Opinion
Civil Action 24-2945
10-22-2024
MEMORANDUM
Bartle, J.
Plaintiffs PMC Property Group, Inc. (“PMC”) and 30 N. 23rd Street Associates, LLC f/k/a 23rd Street Lot B Owner LLC (“Owner”) bring this diversity action against defendant Apogee Wausau Group, Inc. d/b/a Wausau Window & Wall Systems (“Wausau”). They allege claims for breach of contract (Count I), promissory estoppel (Count II), and unjust enrichment (Count III).
Before the court is the motion of Wausau to dismiss plaintiffs' complaint under Rules 12(b)(1) and (6) of the Federal Rules of Civil Procedure (Doc. # 4).
I
For present purposes, the court must accept as true all well-pleaded facts in plaintiffs' complaint. Bell Atl. Corp. v. Twombly, 550 U.S. 544, 555 (2007). The court may also consider “exhibits attached to the complaint and matters of public record.” Pension Benefit Guar. Corp. v. White Consol. Indus., Inc., 998 F.2d 1192, 1196 (3d Cir. 1993) (citing 5A Charles Allen Wright & Arthur R. Miller, Federal Practice and Procedure § 1357 (2d ed. 1990)). When there is a document “integral to or explicitly relied upon in the complaint,” it may also be considered as there is no concern of lack of notice to the plaintiff. See Schmidt v. Skolas, 770 F.3d 241, 249 (3d Cir. 2014) (quoting In re Burlington Coat Factory Secs. Litig., 114 F.3d 1410, 1426 (3d Cir. 1993) (quotation marks omitted)).

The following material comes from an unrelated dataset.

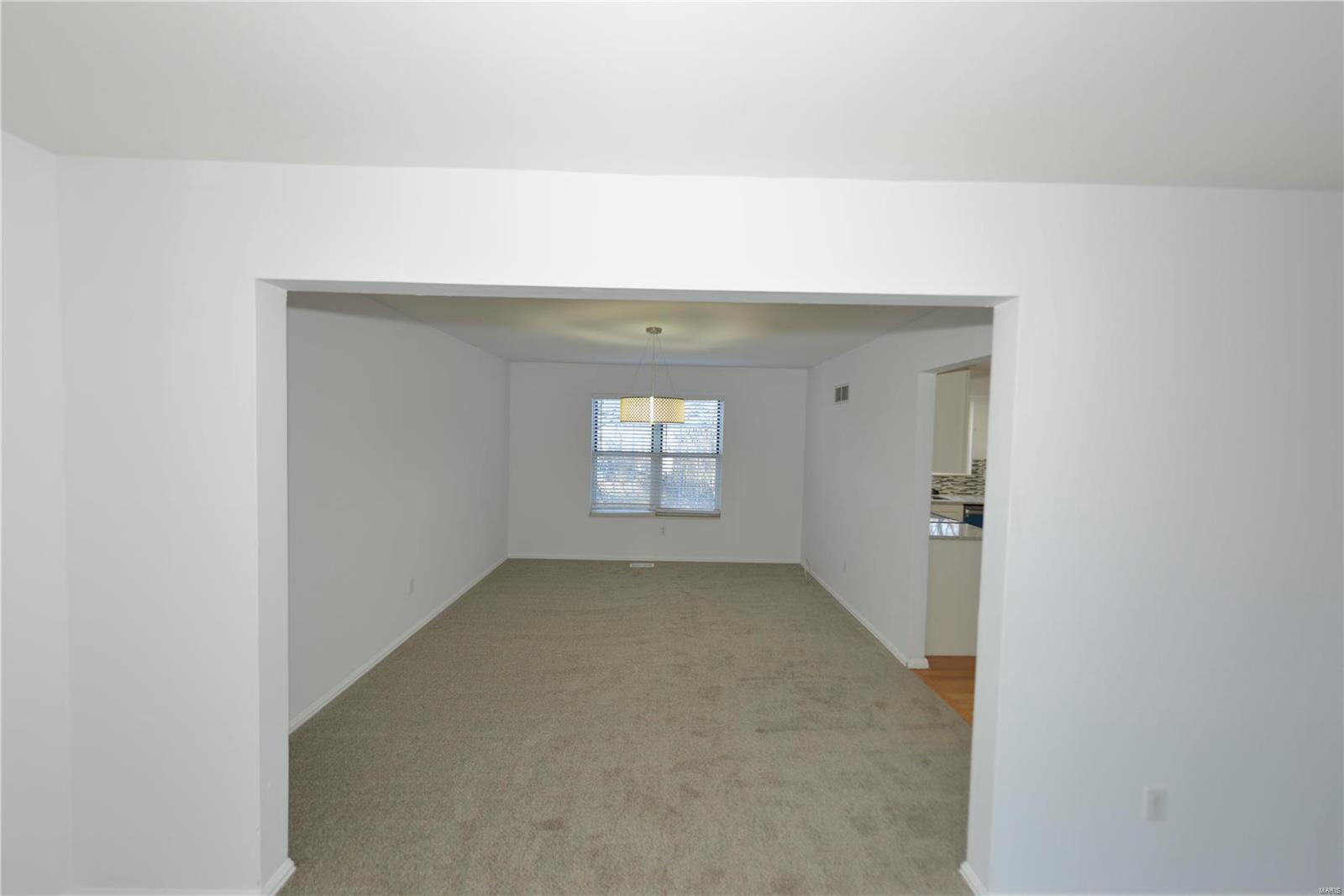 572 Enchanted Parkway Manchester, MO 63021 - Photo 5 of 39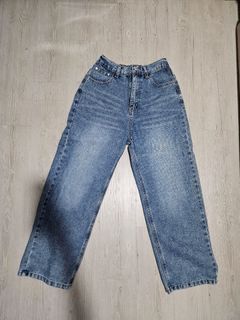 (Category: ) located in . Submitted by fycbx (Listing ID 1381844487, Image 1). Description: .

The complaint must plead more than “labels and conclusions.” Twombly, 550 U.S. 545. It must plead more than “a formulaic recitation of the elements of a cause of action” or “naked assertions devoid of further factual enhancement.” Ashcroft v. Iqbal, 556 U.S. 662, 678 (2009) (quoting Twombly, 550 U.S. at 555) (internal quotations and alterations omitted). Instead, it must contain sufficient factual content to state a claim that is plausible on its face. Id. at 678.
II
PMC is a real estate development company based in Philadelphia. It recently developed the Riverwalk, a two-tower mixed-use project on 23rd and Arch Streets, along the Schuylkill. Owner, which underwent a change of name, is the record title holder of Riverwalk Tower II.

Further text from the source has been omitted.